WHAT THE EXERCISE ASKS - Among the records, which lines hold the word "with"? Pick them out.

[Caption-style text data]
>>>>

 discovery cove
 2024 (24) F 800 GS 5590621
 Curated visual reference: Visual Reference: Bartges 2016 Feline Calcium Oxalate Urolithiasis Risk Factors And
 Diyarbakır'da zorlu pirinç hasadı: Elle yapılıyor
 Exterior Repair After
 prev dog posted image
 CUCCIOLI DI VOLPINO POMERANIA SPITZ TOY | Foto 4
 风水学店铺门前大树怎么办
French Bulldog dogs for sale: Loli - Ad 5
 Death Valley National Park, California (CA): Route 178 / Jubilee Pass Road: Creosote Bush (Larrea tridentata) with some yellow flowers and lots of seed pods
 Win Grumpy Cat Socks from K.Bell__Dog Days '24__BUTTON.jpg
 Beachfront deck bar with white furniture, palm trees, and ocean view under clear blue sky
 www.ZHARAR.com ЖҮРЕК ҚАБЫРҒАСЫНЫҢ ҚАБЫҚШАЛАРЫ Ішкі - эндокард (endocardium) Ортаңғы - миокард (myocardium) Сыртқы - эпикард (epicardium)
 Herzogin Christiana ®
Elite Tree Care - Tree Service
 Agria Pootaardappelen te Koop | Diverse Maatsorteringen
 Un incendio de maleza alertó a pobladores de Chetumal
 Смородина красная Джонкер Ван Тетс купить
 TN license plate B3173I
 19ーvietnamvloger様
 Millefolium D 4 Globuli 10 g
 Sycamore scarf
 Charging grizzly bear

<<<<

SOLUTION -
 Death Valley National Park, California (CA): Route 178 / Jubilee Pass Road: Creosote Bush (Larrea tridentata) with some yellow flowers and lots of seed pods
 Beachfront deck bar with white furniture, palm trees, and ocean view under clear blue sky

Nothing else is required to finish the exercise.